Scientific study and historical research suggest that the indigenous peoples were here long before the white man appeared, arriving more than 20,000-30,000 years ago! They migrated over a glacial land bridge, known today as Beringia, which connected Asia to the Americas, likely following the large game which was a primary food source. “The First Americans were extraordinarily adept at moving over the landscape,” said David Meltzer, an archaeologist at Southern Methodist University. “Their entire existence—was about adapting. They had a toolbox of tactics and strategies.”
They left behind plenty of evidence of both, through art and artifacts that share their stories. Tools tell how they survived—feeding, clothing and sheltering themselves. Baskets, pottery, and various decorative items show how they combined artistry with practicality. Rock art, in the form of petroglyphs (“pecked” or chiseled into rock) and pictographs (paintings or drawings on rock surfaces), give us a visual of their way of life, a sort of “map” of their evolving existence. Native Americans frequently refer to the figures as “Indian writings” and were able to read and write them on rocks for thousands of years. Some also shared their history with colorful “totem” poles, wood carvings, basketry, pottery, and beadwork. The type of art they created was influenced by location and lifestyle—nomadic tribes preferred easy transportable artifacts, for example.
“The peopling of the new world” (from the Arctic to the Amazon) “remains one of humanity’s greatest achievements, a feat of endurance and adaptation not to be equaled,” wrote 20th-century French archaeologist François Bordes.

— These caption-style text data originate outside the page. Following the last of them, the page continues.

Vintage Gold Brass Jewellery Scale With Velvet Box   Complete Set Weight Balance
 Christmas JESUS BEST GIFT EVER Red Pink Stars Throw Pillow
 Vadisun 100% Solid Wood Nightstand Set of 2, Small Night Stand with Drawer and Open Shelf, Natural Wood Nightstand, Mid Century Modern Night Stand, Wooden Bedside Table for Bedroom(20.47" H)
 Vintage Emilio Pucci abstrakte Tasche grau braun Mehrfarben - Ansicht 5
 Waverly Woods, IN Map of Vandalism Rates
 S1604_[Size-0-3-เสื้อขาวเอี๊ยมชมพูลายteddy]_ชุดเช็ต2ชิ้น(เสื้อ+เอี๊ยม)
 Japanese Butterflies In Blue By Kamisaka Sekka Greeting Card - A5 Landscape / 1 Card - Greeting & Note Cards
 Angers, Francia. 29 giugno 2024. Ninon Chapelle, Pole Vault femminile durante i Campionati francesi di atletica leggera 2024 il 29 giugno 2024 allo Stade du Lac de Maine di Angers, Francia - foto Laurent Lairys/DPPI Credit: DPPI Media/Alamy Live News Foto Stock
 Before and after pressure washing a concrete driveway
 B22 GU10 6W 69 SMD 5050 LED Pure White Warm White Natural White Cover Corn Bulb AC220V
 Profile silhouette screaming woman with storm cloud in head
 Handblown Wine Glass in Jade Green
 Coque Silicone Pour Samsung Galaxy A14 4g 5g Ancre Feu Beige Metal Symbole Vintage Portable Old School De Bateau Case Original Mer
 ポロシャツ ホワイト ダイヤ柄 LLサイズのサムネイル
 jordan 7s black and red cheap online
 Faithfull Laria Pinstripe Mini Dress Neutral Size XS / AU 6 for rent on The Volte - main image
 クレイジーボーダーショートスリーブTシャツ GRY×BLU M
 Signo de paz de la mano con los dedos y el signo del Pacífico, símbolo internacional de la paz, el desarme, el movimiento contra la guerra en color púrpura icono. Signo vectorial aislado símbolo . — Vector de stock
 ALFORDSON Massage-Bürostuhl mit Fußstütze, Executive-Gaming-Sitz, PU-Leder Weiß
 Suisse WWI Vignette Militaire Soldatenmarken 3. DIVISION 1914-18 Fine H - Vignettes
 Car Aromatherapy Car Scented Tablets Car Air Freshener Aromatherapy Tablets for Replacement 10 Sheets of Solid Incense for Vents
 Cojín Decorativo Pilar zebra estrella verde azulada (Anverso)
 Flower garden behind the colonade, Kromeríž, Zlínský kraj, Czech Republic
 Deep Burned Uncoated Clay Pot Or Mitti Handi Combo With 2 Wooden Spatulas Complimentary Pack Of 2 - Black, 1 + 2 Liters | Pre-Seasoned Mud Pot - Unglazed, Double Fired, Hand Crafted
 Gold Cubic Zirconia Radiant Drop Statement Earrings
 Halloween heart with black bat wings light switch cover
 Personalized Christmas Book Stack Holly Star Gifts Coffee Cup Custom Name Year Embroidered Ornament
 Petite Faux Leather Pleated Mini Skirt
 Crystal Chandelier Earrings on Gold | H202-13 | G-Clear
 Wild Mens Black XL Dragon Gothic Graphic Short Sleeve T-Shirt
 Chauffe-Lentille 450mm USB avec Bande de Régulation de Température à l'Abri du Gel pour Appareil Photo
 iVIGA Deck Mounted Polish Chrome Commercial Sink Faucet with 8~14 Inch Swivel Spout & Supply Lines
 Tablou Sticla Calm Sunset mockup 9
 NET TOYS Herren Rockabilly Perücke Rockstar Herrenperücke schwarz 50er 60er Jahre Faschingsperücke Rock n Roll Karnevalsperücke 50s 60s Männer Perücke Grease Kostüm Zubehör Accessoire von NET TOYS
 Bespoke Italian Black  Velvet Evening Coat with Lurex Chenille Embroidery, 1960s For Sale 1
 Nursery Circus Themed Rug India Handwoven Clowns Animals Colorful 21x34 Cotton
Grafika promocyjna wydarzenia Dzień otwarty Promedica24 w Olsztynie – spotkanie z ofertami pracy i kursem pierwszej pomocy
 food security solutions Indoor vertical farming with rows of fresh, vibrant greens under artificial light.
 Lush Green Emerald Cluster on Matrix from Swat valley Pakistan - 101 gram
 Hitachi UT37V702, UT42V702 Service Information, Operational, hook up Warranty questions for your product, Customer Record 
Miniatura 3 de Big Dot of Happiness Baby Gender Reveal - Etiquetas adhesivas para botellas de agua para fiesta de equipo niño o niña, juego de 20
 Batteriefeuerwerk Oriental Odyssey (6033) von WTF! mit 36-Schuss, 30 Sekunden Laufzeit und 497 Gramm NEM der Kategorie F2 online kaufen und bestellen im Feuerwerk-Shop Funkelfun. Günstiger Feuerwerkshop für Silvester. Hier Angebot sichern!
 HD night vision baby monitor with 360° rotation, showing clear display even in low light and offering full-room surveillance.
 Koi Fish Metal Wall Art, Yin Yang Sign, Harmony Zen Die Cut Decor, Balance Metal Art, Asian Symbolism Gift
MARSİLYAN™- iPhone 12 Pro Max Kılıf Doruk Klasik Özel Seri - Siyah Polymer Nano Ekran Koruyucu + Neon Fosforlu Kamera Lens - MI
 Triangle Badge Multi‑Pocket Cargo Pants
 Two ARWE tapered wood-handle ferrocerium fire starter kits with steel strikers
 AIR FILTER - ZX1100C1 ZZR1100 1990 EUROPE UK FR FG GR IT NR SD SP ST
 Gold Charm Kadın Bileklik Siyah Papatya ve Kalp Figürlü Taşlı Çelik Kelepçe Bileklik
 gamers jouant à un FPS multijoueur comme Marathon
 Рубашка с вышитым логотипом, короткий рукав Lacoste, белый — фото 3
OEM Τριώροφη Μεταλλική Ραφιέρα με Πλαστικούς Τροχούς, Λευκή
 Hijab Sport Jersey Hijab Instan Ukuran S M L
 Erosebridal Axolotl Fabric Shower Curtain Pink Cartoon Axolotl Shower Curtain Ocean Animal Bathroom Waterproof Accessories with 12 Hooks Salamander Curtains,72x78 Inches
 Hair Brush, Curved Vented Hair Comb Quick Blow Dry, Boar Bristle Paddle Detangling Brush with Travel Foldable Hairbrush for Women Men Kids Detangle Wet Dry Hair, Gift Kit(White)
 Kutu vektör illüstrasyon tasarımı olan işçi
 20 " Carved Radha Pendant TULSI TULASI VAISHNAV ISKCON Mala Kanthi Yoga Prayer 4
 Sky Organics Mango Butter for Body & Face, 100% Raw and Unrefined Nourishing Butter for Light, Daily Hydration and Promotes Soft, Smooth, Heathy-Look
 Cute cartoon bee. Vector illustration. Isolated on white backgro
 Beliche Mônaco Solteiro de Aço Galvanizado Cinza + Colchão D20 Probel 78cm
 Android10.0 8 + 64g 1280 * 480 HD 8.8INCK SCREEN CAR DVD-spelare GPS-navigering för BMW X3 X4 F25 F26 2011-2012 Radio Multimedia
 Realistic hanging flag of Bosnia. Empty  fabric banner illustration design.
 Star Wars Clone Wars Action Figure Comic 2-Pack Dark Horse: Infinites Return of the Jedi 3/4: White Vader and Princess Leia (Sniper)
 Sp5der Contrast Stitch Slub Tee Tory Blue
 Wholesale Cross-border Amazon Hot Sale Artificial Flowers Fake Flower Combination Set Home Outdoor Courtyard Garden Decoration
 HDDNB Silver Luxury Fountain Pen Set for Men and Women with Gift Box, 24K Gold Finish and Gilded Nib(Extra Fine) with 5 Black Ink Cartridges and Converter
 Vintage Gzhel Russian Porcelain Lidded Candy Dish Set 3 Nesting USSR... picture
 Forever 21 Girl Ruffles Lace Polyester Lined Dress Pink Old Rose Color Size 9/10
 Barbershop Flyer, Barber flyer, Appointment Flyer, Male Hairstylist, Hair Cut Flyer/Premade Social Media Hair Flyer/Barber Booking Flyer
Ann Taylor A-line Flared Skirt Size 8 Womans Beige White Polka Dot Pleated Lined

“Armed with an expert knowledge of nature… the earliest Americans and their descendants were resourceful trailblazers who peopled the longest geographical expanse ever settled by humans. Braving the unknown, they adapted masterfully to a vast array of ecosystems on two continents,” wrote archaeologist David Anderson of the University of Tennessee, “and soon diversified into many hundreds of culturally distinct nations and tribes. By the time European explorers arrived, it is estimated that more than 50 million people were already living in the Americas! These early Americans deserve our admiration.”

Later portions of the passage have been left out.